月の光が山道を照らす。辺りには羽毛と剥製のように固まった燕が散乱している。落葉を踏む音が風に掻き消されていった。
「奇妙ですね。時が止まったみたいです。形もそのまま。本当にただの死骸なのでしょうか。」
少女は慎ましくスカートの裾を押さえ、しゃがみこんだ。革の手袋を身につけた右手で、燕の胸に触れる。
隣の男は怪訝そうに少女の行動を見つめる。
「得体の知れないものに容易に触るな。呪いでもかかっていたらどうする。人の身体はあまりに脆いのだぞ。」
呪い。回避不可避な何かによる死。考えうる可能性は少ない。人の手では到底叶わない量の死骸だ。それこそ、隕石でも落ちてこない限り不可能だ。
パキっと2人のものではない、枝を踏む音が迫まった。男は少女から音の方向へ目線を向けた。
『そこで何をしている。』
褐色肌の青年がこちらをギロりと睨んでいる。
少女は静かに立ち上がり、青年をしかと見つめた。
「勝手にこの地に入ったことは謝罪しましょう。ですが、私の記憶では、この山は私有地ではなかったはずです。」
青年の表情が硬くなる。歯を食いしばっていたが、少女の隣の男を見て口を開いた。
『お前、人間じゃないな。』
男は面白そうに青年を見下ろす。愉悦とも取れるその表情は、月明かりに照らされ、獲物を捕らえた狼のようだった。ギラりと目を光らせ、青年を睨み返している。
「そういう貴様も人の道を外したようだが。」
またもや青年の表情は硬くなった。青年は少女の容姿と行動に混乱する。貴族のようなお淑やかな容姿の割に、直前に見た少女は好奇心のまま死骸に触れていた。
『質問を変える。何をしに来た。』
少女が答える間もなく男が答える。
「山に入ることに理由が必要か?それとも、入られると困るか?」
静かに、氷のように冷たい声が山に静けさを与える。その声に青年は沈黙した。
『…あぁ、今は“片付け”で忙しい。今は入ってくるな。邪魔になる。』
少女はすかさず隙を突く。
「片付けですか。この量を一人で、とは。大変ですね。僅かながら力になりましょう。」
胸に手を当て、わざとらしく青年に告げる。
目の下に皺を作る。この二人は言っても聞かない。脅しも効果なし。青年は最終手段に出た。
『─────ッ!』
ゴッ、と鉄同士がぶつかり、低く詰まった金属音が鳴る。確かに少女の首を断ったはずの刃は、男が気配もなく突き出した槍によって防がれた。

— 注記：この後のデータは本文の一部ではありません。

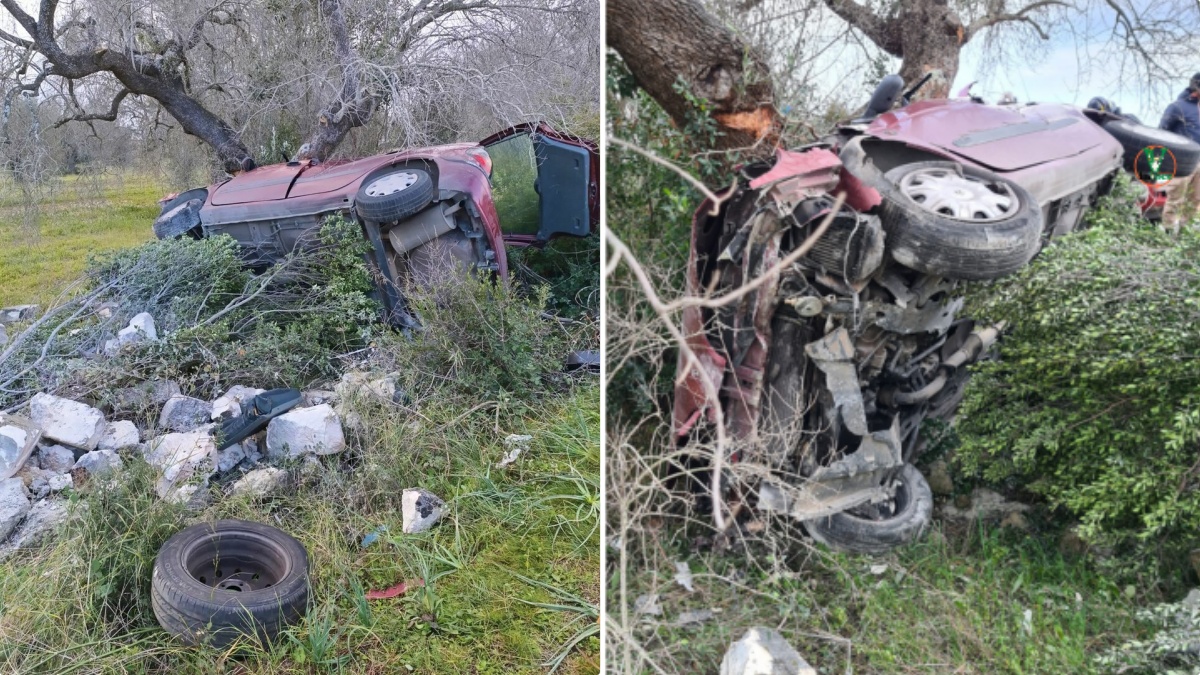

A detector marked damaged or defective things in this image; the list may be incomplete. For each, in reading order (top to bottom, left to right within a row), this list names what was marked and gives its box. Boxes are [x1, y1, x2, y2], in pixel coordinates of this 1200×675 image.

detached tire [152, 189, 206, 242]
overturned red car [151, 125, 600, 330]
detached tire [356, 168, 436, 224]
detached tire [880, 161, 1040, 280]
detached tire [1096, 117, 1200, 178]
overturned red car [676, 75, 1200, 556]
detached tire [808, 464, 936, 556]
detached tire [149, 520, 310, 648]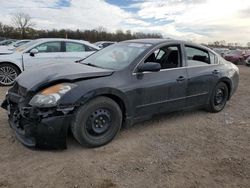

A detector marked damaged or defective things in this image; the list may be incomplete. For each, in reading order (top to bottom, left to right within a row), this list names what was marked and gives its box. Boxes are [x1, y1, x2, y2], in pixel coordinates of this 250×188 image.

青年が持っていたはずの短刀の刃先は、静かに、落葉に沈んで行った。青年の額に冷や汗が流れる。目の前の男の動き一つ読めなかったことへの焦り。そして単純な恐怖。
「やめてください。あなたの目的は彼でないでしょう。」
男はその槍を振るうのではなく、少女の言葉によって静かに収めた。不満げにフンっと鼻を鳴らす音が山に響いた。
『なぜ生かす。何が目的だ。』
純粋な疑問と屈辱。
「あの星と、人探しだ。どうやらここにはいなかったようだがな。」
男は青年から、奥の小屋に視線を移す。人の気配は無く、廃墟のようにも見える。少女は青年の警戒を解こうと努める。
「私達は、あなたを害すため来たわけじゃありません。結果、あなたの気分を害してしまったのなら、お詫びいたしましょう。」
少女は深く頭を下げる。
『月を…?』
青年は空を見上げる。異様に輝くその星は、まるで誰かの手によって光らされているようだ。いつも山にいるにも関わらず、気付く事が出来なかった。違和感を上から塗りつぶされていたかのように
『なん、だ…あれ…。おかしいだろ…』
不気味な月が三人を照らしていた。